Work to be completed →
Scan the entries for lines with the word "Room" and copy those lines.

Source data below:

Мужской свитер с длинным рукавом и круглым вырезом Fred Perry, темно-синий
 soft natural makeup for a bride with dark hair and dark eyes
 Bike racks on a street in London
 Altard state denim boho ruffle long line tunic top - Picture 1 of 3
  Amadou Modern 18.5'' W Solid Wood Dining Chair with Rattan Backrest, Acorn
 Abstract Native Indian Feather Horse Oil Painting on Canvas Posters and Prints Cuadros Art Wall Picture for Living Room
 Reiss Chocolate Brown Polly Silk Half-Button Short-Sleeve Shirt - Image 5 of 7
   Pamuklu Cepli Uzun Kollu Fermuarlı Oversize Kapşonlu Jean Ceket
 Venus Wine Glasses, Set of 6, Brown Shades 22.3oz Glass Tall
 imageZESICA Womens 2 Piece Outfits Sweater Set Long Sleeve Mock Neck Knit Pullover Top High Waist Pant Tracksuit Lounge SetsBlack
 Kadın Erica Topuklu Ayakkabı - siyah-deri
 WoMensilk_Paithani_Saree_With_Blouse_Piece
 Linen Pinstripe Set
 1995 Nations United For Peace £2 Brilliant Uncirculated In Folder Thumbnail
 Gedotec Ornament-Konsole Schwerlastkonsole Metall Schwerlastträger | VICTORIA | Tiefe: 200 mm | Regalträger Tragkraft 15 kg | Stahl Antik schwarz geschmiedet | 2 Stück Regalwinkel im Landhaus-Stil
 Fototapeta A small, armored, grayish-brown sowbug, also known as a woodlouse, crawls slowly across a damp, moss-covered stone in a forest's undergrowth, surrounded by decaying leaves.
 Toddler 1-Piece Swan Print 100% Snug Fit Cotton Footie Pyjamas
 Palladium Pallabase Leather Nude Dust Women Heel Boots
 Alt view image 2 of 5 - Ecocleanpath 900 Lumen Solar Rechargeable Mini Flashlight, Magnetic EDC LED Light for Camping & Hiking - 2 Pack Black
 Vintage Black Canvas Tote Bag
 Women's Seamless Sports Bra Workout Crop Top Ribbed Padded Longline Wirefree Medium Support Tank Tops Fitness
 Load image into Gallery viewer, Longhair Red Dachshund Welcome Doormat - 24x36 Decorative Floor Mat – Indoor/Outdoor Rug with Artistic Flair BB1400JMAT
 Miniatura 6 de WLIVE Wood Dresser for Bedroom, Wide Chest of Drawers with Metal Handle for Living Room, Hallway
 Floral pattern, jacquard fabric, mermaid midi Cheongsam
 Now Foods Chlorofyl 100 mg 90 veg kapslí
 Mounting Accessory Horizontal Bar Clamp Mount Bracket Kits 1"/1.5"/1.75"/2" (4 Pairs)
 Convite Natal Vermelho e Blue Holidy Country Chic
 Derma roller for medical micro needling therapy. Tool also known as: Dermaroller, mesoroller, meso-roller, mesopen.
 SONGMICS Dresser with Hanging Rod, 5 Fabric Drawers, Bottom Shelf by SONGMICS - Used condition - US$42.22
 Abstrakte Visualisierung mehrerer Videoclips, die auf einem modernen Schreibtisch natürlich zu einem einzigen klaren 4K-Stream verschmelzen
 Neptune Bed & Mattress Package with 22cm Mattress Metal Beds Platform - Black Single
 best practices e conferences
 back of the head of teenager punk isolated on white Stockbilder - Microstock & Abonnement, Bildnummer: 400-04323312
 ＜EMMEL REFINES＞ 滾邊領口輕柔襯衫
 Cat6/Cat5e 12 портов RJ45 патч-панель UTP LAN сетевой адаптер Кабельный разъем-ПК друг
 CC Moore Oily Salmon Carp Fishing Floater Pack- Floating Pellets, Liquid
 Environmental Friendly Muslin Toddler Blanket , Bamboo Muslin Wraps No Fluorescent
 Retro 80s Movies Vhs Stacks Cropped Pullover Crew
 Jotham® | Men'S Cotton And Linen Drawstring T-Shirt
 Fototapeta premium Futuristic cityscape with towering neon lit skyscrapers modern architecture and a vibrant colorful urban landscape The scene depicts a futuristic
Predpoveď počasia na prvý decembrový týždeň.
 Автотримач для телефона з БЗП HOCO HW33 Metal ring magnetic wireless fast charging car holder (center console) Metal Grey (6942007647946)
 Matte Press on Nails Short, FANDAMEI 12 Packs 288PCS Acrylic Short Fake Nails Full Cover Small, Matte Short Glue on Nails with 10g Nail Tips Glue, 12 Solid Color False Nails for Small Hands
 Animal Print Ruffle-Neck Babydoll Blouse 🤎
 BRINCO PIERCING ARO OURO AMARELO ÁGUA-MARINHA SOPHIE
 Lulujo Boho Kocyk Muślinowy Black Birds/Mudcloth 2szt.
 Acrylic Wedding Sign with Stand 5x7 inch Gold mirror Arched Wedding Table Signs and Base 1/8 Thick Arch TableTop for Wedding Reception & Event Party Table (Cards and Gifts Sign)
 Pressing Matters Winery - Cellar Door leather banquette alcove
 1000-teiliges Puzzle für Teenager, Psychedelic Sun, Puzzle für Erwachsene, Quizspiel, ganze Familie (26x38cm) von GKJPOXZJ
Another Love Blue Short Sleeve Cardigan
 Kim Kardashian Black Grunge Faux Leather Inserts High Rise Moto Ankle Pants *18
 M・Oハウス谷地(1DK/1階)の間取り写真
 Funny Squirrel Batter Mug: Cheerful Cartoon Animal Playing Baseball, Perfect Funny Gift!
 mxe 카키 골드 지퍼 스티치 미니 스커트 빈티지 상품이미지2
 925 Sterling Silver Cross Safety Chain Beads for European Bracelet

End of Source data.

Response to the task →
 Abstract Native Indian Feather Horse Oil Painting on Canvas Posters and Prints Cuadros Art Wall Picture for Living Room
 Miniatura 6 de WLIVE Wood Dresser for Bedroom, Wide Chest of Drawers with Metal Handle for Living Room, Hallway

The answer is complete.